Another Step Down the Rabbit Hole
By Data Nerd
On Tuesday, May 7 at 9:53 p.m., the Center for Medicare and Medicaid Services released a new open dataset to shed light on hospital pricing variations. The Times and The Washington Post (among others) published lengthy online articles (presumably overnight), complete with data visualizations to assist consumers in understanding the vast differences between what hospitals charge Medicare for their services. CMS released state and national averages a week later after The Washington Post published an article aggregating the data for comparison on the state level.
On the first day of its release, the dataset was downloaded over 100,000 times, displaying the large appetite that the public has for open healthcare pricing data. What is unfortunate is that this data set is fundamentally flawed for the purpose for which it was made public.
In the age of high(er)-tech journalism, I was disappointed to read article after article that overlooked the data documentation and went straight to the numbers and visualizations that could be concocted. Even HHS’s own chief technology officer got it wrong when he referred to the data as, “The actual prices that hospitals charge Medicare for the top 100 procedures across the country.”
The data given are not the top 100 procedures. They are the top 100 DRGs, which means that in any given claim, there could have been anywhere between one and 25 procedures performed (and they do vary, wildly.)
If the goal is to compare hospital’s charge rates, you need a normalized cohort. Or in layman’s terms, you need to compare apples to apples instead of kumquats to grapefruits. People with the same DRG suffer from the same diagnosis and often share similar courses of treatment, but wouldn’t a better analysis look at patients that all had the same procedures?
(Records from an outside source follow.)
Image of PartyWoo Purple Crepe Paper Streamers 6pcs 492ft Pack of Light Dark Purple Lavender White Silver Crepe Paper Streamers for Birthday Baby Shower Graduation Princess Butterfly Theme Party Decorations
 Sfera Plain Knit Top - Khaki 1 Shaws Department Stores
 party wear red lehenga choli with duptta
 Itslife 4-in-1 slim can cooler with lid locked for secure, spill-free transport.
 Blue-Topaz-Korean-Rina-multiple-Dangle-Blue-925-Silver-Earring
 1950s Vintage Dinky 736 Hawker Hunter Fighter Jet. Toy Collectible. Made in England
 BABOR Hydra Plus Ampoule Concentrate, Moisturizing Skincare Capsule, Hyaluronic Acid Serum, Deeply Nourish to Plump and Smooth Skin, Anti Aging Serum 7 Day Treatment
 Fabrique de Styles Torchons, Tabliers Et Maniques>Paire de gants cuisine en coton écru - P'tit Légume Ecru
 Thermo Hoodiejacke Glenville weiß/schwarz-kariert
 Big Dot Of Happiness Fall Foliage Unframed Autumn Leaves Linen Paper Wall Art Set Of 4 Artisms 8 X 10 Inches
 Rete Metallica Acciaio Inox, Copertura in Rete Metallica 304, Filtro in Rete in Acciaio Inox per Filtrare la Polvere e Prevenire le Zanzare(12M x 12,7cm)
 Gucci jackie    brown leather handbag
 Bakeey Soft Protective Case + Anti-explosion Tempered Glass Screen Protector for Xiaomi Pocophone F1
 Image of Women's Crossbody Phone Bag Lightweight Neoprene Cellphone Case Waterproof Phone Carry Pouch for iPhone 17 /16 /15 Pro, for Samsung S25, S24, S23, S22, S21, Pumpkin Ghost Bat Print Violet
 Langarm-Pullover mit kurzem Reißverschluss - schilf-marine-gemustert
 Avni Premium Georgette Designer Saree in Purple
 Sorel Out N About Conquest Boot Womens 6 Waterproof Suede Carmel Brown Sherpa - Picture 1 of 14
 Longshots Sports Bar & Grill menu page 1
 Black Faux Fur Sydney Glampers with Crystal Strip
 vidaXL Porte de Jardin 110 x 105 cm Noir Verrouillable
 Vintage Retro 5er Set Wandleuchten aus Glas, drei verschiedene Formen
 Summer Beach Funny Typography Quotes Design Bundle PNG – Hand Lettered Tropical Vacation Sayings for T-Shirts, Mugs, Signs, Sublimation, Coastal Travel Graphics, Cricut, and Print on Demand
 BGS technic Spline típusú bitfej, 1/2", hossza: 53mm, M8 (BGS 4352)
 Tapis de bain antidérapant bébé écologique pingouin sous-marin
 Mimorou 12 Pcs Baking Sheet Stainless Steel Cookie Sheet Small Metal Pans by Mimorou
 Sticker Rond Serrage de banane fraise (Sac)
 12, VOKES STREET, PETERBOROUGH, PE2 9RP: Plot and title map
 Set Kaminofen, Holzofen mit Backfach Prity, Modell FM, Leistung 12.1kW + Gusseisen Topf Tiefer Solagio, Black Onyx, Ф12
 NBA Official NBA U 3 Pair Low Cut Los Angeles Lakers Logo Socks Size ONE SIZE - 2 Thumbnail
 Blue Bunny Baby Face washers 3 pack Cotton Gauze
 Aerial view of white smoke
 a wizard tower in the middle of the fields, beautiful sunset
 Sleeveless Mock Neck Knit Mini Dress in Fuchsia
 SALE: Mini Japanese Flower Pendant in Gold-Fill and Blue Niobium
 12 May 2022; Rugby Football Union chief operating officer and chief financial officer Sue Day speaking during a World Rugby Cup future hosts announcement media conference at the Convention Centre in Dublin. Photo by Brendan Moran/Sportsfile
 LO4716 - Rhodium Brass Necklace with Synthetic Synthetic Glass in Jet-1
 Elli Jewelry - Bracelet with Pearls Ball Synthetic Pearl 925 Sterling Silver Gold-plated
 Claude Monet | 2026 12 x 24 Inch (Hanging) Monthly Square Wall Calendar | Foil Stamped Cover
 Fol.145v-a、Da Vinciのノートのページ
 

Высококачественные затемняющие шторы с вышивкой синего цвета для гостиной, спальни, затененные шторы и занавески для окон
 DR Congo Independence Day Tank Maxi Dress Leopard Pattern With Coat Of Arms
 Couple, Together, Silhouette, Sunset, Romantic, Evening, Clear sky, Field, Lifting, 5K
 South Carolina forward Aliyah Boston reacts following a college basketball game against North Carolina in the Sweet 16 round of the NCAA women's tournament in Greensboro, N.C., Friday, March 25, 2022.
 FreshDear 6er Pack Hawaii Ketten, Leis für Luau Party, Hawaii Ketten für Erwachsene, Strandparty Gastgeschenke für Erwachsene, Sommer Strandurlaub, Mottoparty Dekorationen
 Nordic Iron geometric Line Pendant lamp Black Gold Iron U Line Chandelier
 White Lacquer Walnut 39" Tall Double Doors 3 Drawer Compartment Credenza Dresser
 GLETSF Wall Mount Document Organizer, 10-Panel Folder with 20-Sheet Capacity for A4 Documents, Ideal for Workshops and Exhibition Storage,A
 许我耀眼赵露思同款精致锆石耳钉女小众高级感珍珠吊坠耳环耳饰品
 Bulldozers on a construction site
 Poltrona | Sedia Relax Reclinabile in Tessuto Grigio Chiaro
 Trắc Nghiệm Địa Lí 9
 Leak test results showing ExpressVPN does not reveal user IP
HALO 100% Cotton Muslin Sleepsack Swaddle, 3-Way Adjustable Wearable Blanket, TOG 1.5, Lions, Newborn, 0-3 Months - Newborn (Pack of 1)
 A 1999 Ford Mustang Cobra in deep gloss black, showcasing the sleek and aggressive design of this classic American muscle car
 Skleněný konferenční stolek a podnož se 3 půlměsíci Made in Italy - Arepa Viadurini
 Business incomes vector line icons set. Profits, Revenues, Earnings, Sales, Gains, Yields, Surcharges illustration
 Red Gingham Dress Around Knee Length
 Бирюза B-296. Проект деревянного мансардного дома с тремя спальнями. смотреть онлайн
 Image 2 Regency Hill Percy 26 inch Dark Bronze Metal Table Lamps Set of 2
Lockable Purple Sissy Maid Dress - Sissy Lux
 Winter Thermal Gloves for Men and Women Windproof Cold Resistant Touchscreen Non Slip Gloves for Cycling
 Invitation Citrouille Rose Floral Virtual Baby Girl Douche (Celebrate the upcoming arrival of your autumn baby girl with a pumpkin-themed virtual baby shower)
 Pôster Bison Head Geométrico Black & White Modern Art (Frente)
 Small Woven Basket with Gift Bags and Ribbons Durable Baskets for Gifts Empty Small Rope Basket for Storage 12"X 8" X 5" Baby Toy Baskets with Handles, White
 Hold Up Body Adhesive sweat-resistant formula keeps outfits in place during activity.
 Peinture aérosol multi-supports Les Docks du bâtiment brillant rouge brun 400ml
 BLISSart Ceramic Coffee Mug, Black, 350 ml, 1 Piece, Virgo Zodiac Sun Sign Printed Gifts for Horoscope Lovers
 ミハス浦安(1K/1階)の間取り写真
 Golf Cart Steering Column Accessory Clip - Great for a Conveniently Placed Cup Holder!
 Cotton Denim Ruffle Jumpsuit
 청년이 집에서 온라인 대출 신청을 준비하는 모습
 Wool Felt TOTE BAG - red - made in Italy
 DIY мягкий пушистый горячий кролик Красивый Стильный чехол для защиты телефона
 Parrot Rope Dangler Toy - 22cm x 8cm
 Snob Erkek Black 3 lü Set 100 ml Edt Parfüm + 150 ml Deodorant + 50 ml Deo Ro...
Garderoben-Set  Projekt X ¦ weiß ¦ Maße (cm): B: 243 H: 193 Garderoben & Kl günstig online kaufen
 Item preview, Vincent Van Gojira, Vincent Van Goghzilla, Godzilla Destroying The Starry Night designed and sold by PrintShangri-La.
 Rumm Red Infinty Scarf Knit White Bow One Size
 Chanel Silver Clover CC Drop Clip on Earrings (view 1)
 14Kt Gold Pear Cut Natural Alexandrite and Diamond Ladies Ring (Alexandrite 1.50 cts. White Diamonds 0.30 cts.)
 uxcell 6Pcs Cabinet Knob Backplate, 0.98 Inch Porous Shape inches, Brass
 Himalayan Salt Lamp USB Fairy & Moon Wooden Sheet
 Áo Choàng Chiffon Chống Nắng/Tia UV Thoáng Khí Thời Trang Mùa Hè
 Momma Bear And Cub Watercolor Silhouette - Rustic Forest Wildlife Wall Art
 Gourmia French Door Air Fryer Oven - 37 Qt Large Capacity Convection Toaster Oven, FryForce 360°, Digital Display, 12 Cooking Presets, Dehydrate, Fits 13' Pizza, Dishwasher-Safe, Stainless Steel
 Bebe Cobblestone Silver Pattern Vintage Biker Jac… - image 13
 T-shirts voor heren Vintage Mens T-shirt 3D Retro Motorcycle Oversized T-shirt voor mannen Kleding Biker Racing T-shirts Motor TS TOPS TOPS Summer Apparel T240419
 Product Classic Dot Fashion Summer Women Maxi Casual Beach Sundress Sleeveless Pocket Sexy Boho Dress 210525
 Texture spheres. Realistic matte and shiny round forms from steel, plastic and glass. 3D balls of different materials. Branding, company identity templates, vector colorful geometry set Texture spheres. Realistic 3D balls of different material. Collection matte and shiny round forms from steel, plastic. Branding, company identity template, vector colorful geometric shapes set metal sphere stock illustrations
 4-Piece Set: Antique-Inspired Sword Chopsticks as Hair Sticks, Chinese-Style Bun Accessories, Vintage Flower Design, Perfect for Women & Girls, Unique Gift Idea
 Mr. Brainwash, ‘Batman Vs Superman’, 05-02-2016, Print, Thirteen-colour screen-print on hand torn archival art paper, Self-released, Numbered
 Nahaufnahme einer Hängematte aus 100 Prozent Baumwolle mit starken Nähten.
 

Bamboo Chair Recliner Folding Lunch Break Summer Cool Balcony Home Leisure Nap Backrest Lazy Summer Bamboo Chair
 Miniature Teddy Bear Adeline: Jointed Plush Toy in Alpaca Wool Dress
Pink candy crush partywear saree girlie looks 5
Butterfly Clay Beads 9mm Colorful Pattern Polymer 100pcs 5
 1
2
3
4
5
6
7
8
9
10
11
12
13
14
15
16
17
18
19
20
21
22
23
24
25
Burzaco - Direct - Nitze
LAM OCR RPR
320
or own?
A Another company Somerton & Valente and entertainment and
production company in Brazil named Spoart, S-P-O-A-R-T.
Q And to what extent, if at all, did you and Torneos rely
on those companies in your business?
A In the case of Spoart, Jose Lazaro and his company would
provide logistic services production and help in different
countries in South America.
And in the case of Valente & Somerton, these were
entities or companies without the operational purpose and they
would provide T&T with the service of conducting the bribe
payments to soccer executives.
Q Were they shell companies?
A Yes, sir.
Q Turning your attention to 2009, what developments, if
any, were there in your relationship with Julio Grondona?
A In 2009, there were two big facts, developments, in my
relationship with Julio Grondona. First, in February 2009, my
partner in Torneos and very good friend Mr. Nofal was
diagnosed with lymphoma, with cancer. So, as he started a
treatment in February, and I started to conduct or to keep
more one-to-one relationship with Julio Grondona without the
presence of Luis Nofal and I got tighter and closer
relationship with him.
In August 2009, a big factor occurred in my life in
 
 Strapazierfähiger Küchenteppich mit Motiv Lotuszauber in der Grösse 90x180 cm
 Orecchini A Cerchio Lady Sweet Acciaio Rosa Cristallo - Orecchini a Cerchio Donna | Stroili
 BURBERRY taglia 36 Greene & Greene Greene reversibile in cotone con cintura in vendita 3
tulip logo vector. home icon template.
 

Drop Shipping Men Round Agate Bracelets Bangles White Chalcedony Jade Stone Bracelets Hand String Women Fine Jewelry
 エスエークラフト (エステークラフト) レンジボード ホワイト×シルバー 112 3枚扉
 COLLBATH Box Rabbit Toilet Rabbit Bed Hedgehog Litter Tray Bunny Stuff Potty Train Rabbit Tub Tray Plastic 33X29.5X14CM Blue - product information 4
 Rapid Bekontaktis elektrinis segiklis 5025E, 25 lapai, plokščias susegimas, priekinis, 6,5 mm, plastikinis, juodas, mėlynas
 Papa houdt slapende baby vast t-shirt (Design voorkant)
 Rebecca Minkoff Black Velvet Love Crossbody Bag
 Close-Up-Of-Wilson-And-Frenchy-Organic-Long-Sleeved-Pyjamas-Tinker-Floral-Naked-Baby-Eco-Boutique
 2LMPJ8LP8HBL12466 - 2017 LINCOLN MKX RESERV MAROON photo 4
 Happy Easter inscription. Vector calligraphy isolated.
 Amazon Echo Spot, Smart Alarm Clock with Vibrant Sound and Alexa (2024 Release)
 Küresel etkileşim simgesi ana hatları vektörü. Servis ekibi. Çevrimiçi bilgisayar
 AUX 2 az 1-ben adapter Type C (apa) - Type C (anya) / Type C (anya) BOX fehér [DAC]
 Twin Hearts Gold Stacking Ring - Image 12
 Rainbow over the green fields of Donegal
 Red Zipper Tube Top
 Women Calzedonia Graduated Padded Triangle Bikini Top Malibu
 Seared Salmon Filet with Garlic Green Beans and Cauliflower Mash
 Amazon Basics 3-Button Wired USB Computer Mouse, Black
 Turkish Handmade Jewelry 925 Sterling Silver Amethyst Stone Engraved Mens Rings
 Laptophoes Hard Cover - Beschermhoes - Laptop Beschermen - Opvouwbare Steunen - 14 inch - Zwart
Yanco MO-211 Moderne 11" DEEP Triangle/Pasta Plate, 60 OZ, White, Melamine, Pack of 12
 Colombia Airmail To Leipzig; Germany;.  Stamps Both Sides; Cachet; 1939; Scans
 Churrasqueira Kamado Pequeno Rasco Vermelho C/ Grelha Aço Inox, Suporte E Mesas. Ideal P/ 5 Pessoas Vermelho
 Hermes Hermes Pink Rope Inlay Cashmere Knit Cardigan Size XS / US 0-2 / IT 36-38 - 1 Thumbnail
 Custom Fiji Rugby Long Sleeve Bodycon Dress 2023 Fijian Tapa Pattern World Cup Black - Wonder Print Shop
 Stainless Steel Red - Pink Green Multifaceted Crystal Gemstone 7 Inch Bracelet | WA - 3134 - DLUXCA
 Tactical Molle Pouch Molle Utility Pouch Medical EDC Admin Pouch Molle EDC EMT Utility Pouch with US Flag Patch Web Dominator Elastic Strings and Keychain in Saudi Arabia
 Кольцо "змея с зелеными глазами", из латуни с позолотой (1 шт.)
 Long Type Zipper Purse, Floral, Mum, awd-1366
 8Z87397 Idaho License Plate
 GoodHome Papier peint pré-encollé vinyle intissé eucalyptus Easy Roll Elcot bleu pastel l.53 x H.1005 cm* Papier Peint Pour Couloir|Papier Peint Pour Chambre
A DRG is a diagnostic related group, a very broad categorization of the primary diagnosis that the hospital is treating. A claim only has one DRG, but can have anywhere between one and 25 procedure codes. The data as it is currently presented is inherently incapable of pointing to charging discrepancies because a claim could be charging for one procedure or 25.
Personally, I think the move was more of an administrative muscle flex going into the healthcare exchanges set to open in October — fueled by the threat of public perception rather than an attempt to shed (non-refracted) light on the subject. A more accurate approach would have been to isolate claims where only one procedure was performed and provide the average charge or reimbursement data for those. Unfortunately, CMS charges nearly $4,000 for the data in a format that would allow this type of analysis.
This open dataset is another unfortunate example about our exuberance for “big data” giving way to our human propensity to under-analyze and take misinformed baby steps toward a greater goal, however noble it may be. As more and more data is presented for public digestion, its dissemination must be properly documented and cited if it is to be used to drive analytical outcomes.